I cantieri rosa di Addis Abeba

La capitale etiope sta crescendo a ritmo serrato, con una trasformazione sorprendente per una città africana. L'esplosione edilizia ha creato posti di lavoro e molte donne hanno deciso di fare le muratrici, a fianco degli uomini
/ 23.01.2017
di Stefania Prandi

Hanno le mani coperte di polvere, la bocca avvolta in sciarpe, i piedi fasciati in ballerine di plastica infangate. Si muovono con decisione, mostrando qualche segno di cedimento soltanto quando si fermano, nelle pause ordinate, per alcuni minuti. Allora scuotono i polsi, aprono e chiudono le dita e piegano la schiena in avanti e indietro. Poi ritornano al lavoro, accanto ai loro colleghi maschi. Le muratrici di Addis Abeba sono giovani donne con grinta da vendere. Hanno tra i 20 e i 30 anni, corpi forti, occhi freschi, che si appannano solo verso sera. Molte si sono trasferite in città da poco, altre sono arrivate da qualche anno. Prima lavoravano in fabbrica o come domestiche, in case private.
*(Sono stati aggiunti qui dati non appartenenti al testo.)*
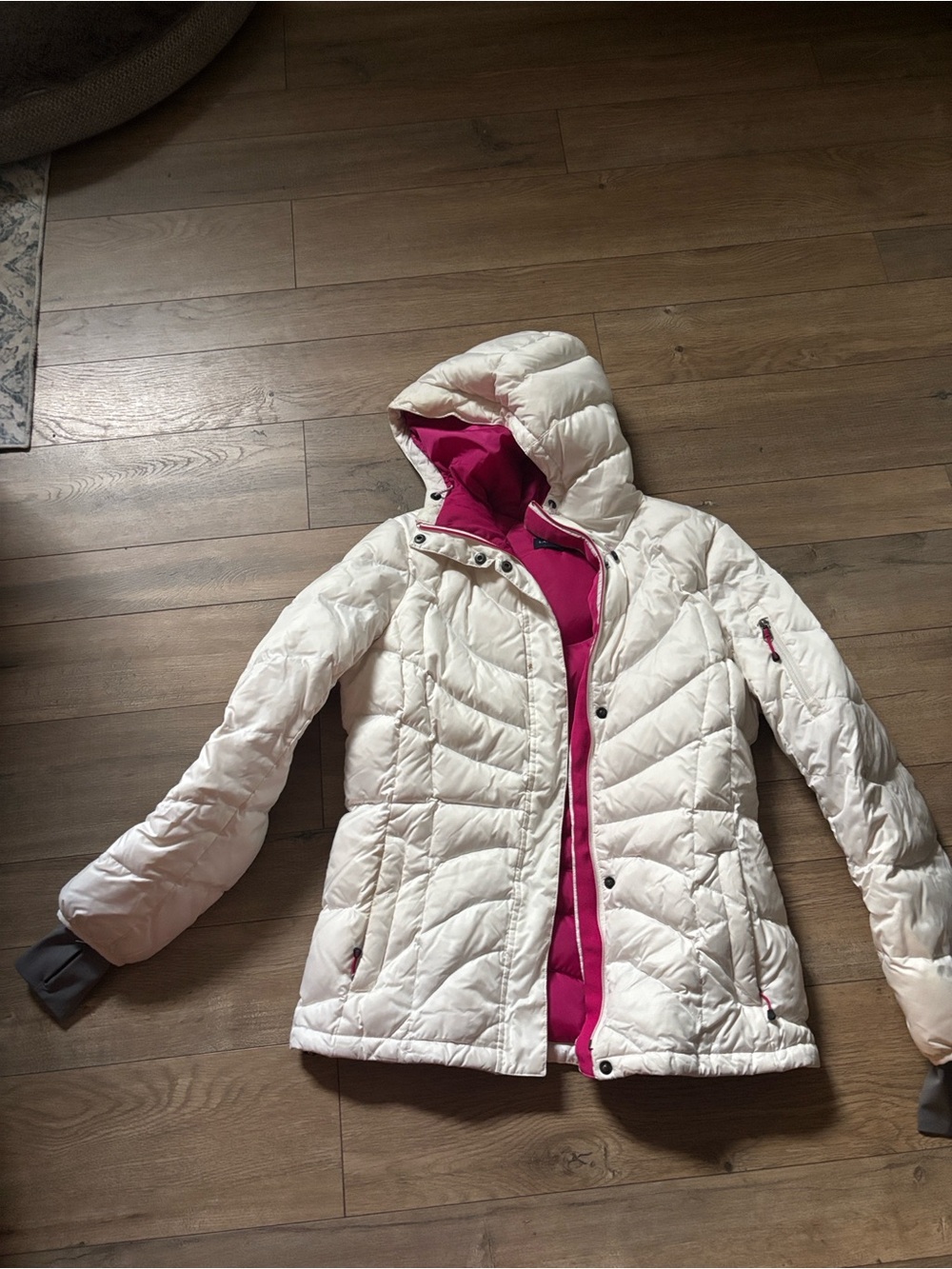 Lands' End White Hooded Puffer Jacket with Pink Lining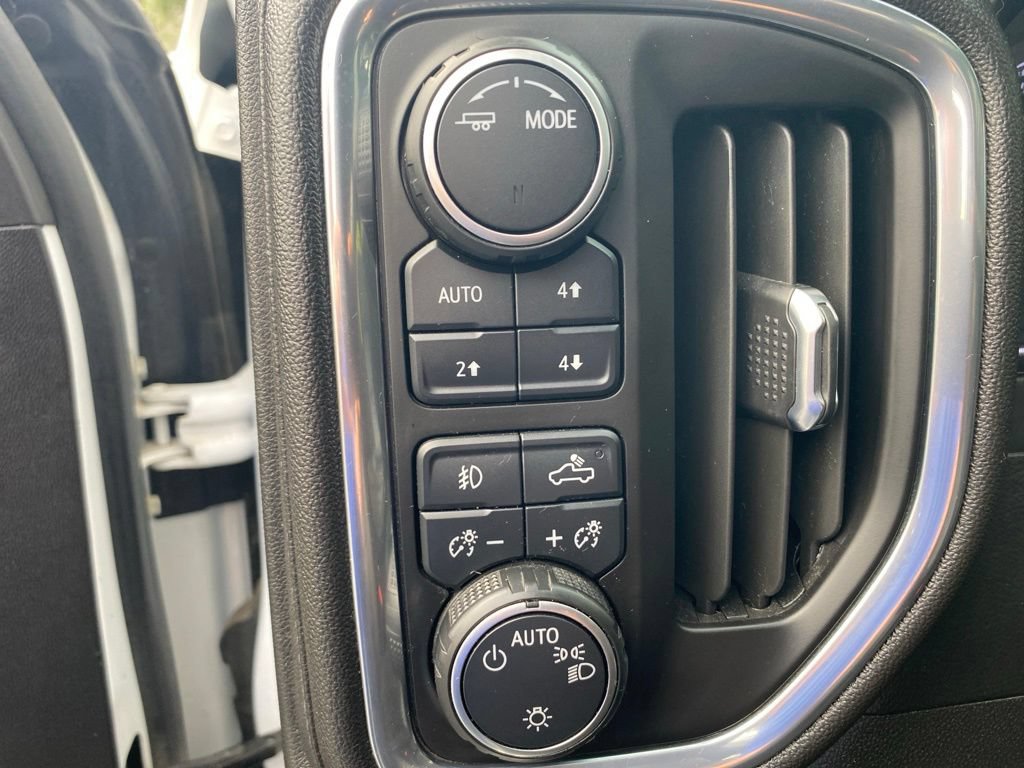 Used 2021 Chevrolet Silverado 1500 LT Trail Boss w/ Convenience Package II AWD/4WD image 23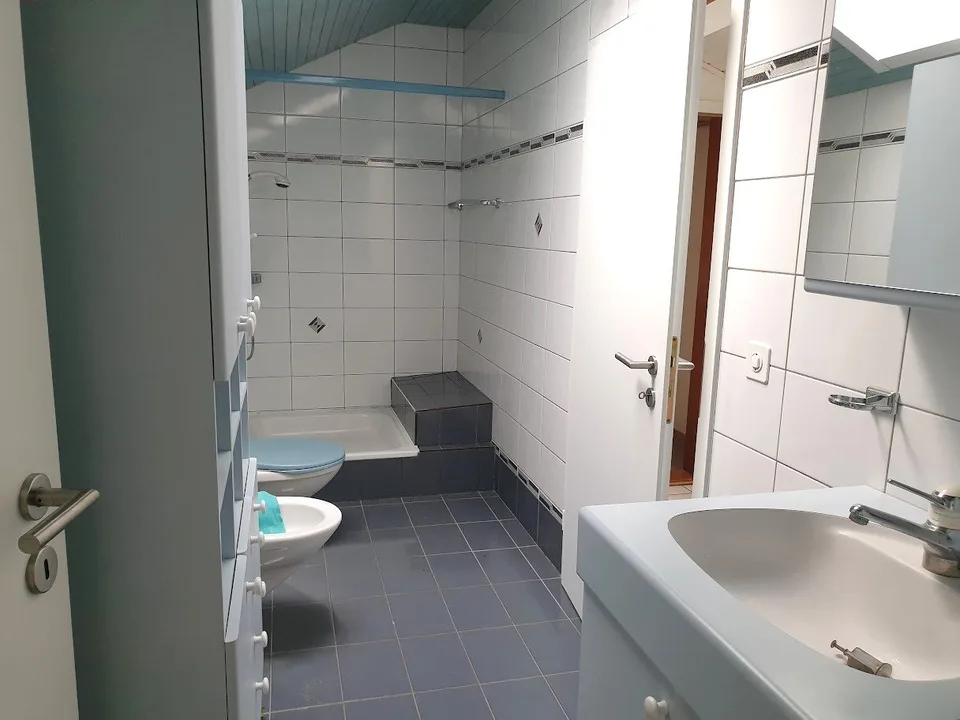 Wohnung mit 3 Zimmern, Dachgeschoss mit Balkon – Foto 8 von 8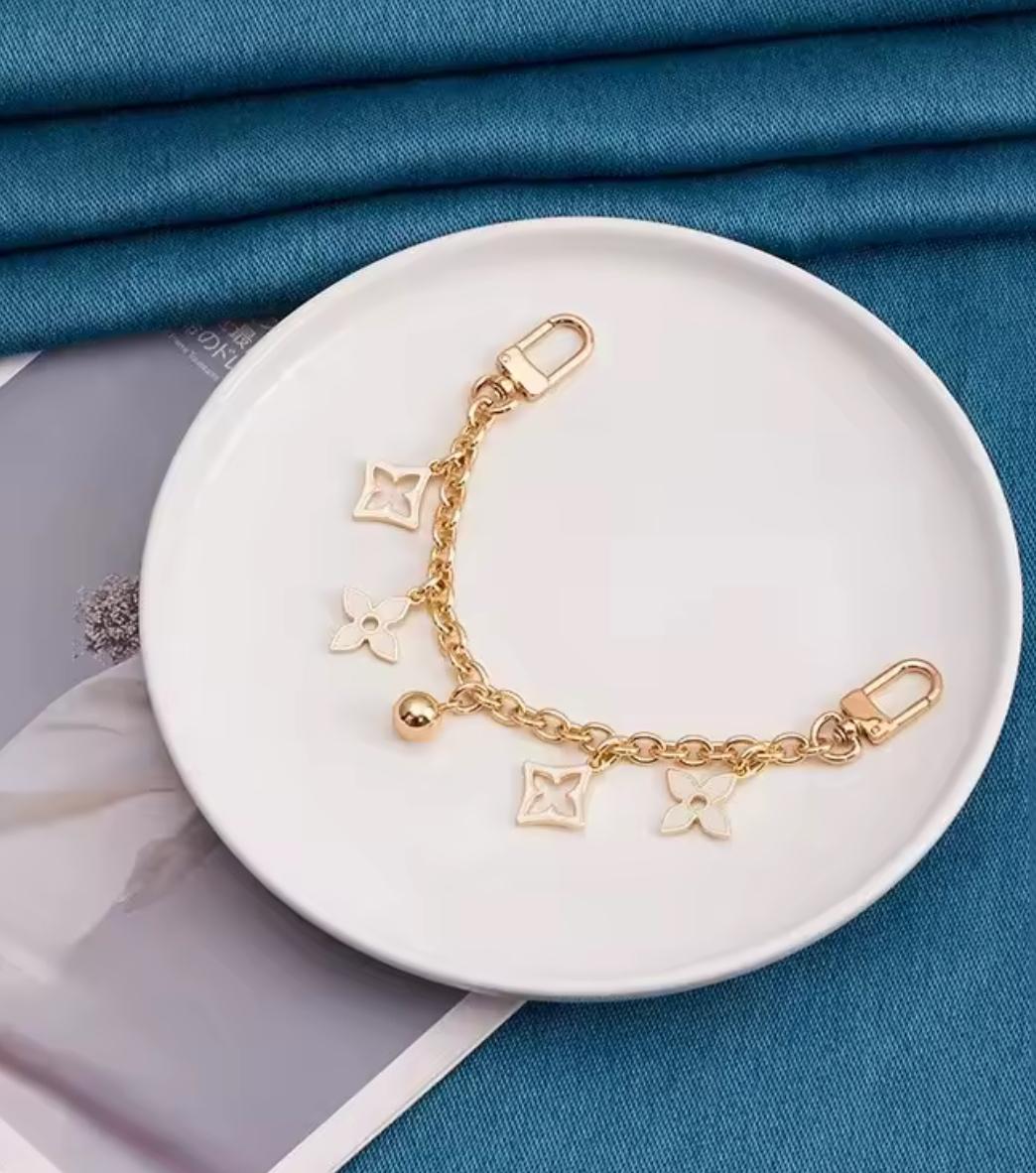 Glimora™ Luxe Chain Bag Charm – Signature Edition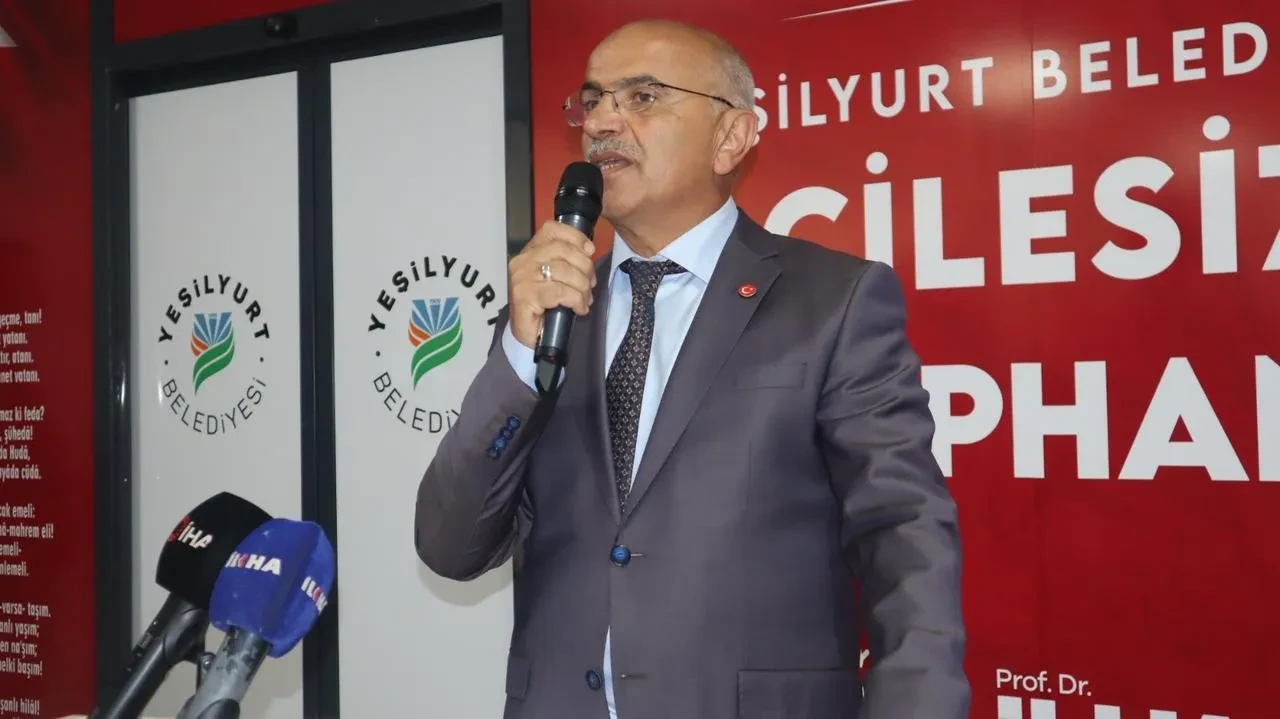 Yeşilyurt Belediyesi Çilesiz Mahallesi’ne 250 kişilik kütüphane kazandırdı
Addis Abeba sta crescendo a ritmo serrato, con una trasformazione sorprendente per una città africana. Strade, palazzi, ponti prendono il posto di baracche e campi, contribuendo a uno sviluppo senza precedenti. L'economia dell'Etiopia ha il tasso di crescita più veloce al mondo, secondo la Banca Mondiale. Il consumo di cemento è di 5,47 mega tonnellate all'anno. C'è chi parla di speculazione. Di certo c'è che l'esplosione edilizia ha creato posti di lavoro che prima non c'erano. Qui, contrariamente a quanto accade nei paesi occidentali, molte donne fanno le muratrici, a fianco degli uomini.

La vita nei cantieri non è semplice, ma è meglio di altri lavori informali e soprattutto della disoccupazione. La paga è di 66 euro al mese, in media, domeniche incluse. I turni tra i mattoni e i sacchi di cemento iniziano all'alba. E allora le muratrici escono di casa alle tre di notte, per percorrere a piedi i tratti non coperti dagli autobus. Lavorano otto o nove ore, con quarantacinque minuti di pausa pranzo. Alcune si portano della pasta in contenitori di plastica, altre spendono mezzo dollaro per mangiare ingera e shirò, il piatto tipico etiope, fatto con acqua, farina di teff (un cereale proteico che si coltiva sugli altopiani) ceci e verdura. Lo comprano nelle piccole capanne di lamiera vicino ai cantieri, dove ci sono cuoche che cucinano dalla mattina.

Beza ha 27 anni, due bambini che vivono lontani, con la nonna, nella regione dell'Oromia. Lavora in un cantiere non lontano da Bole Road. Per per fare ritorno nella stanza in affitto di terra battuta e lamiera, deve prendere un autobus, un taxi, un calesse e poi camminare per venti minuti. Certe sere, per risparmiare, salta la cena. Non ha più il marito perché è morto tre anni fa, ucciso durante una rissa. «Questo lavoro mi piace, anche se certi giorni è un po' faticoso, ma mi va bene così. Non sono andata a scuola, non so né leggere né scrivere, la vedo come un'opportunità». A farle compagnia, nel viaggio di ritorno, c'è Tessy, sua collega da due settimane. Tessy ha 25 anni e un figlio di quattro. Vive con la sorella, che ha due bambini, e tiene anche il nipotino, mentre lei è fuori.